The Senate Economic Development, Housing & General Affairs committee on the floor discussed Section 1 of S.328, a provision that would bring state housing targets into municipal plans. Alex Farrell, head of the Department of Housing and Community Development, told the committee the measure "brings the work of the housing targets into the municipal plan" and would "align state, regional, and municipal planning," with regional planning commissions distributing targets to municipalities for local analysis.
Under the section, municipalities would review targets delivered by their regional planning commission and determine whether their current regulatory scheme and infrastructure can accommodate those numbers. Farrell said communities that cannot accommodate assigned targets would be required to "catalog the constraints" — for example, water and wastewater capacity — rather than being forced to change regulations immediately. He described the provision as creating a feedback loop so the department and RPCs can identify what state support is needed to enable local compliance.
Committee members sought clarification on timing. Senator Thomas asked whether the requirement would force a municipality to update a comprehensive plan off its normal cycle; the chair and Farrell clarified that the targets would be incorporated at the municipality's next scheduled comprehensive-plan update, not require an immediate out-of-cycle rewrite.

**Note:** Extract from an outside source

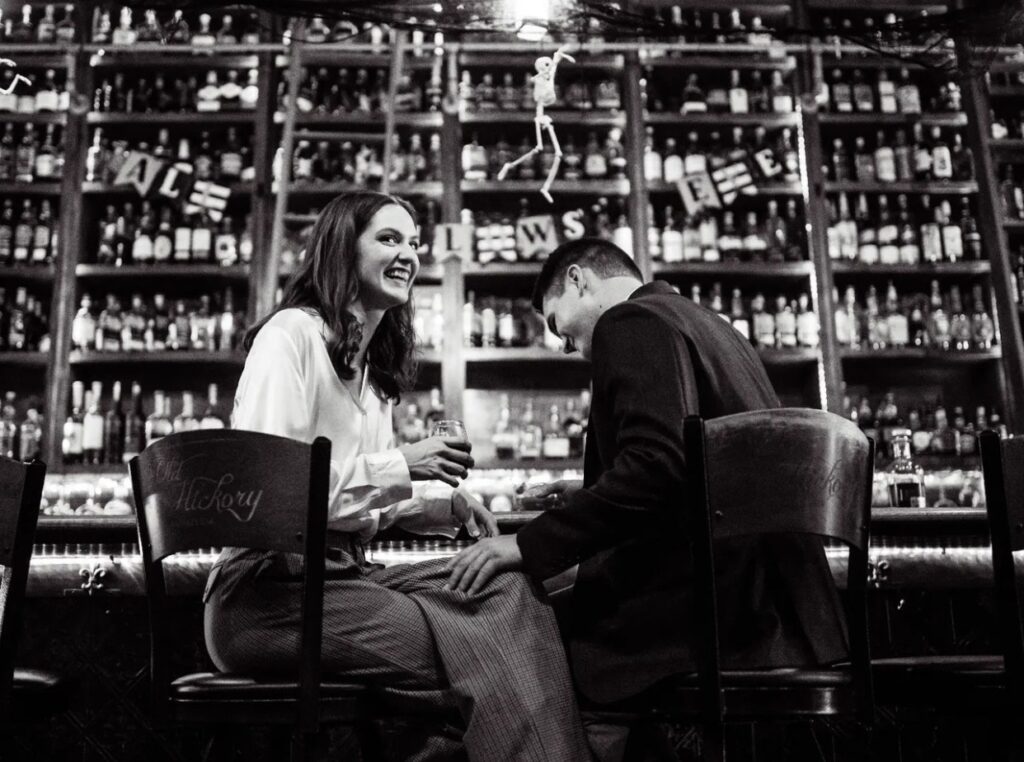 Bridget + Henry, a Palafox Wharf Waterfront couple, out visiting one of Pensacola’s Bar enjoying their favorite drink - photo by Weddings By Adina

Farrell also described Section 3, an "off-site construction accelerator," as initially drafted around the possibility of one-time funding for a demonstration project to show how off-site construction could work for a middle-income homeownership product. He said the language has "dramatically changed" given the absence of a plan for a one-time appropriation and that some elements that do not require a full demonstration could advance without the pilot-sized investment.
The committee discussed related provisions and follow-up. Farrell noted tax-credit provisions and brownfields funding sit in the separate economic development bills the committee planned to take up the next day and offered to return to testify on those sections. The discussion did not include a committee vote on S.328 itself; committee members scheduled continued consideration when the related economic development measures are before the committee.
Authorities and budgetary details stated in testimony were limited. The testimony referenced the HOME Act (Act 181) as the statutory framework that established housing targets and the department's role in measuring progress. Farrell gave a December 26 deadline for completion of the regional planning work as the schedule for the regional plans, and he emphasized that infrastructure constraints (water/wastewater) were a likely reason municipalities could not meet targets.
Next steps: staff said the committee will reconvene to consider related economic development and tax-credit provisions when those bills are on the agenda; no formal action on S.328 was taken in this session.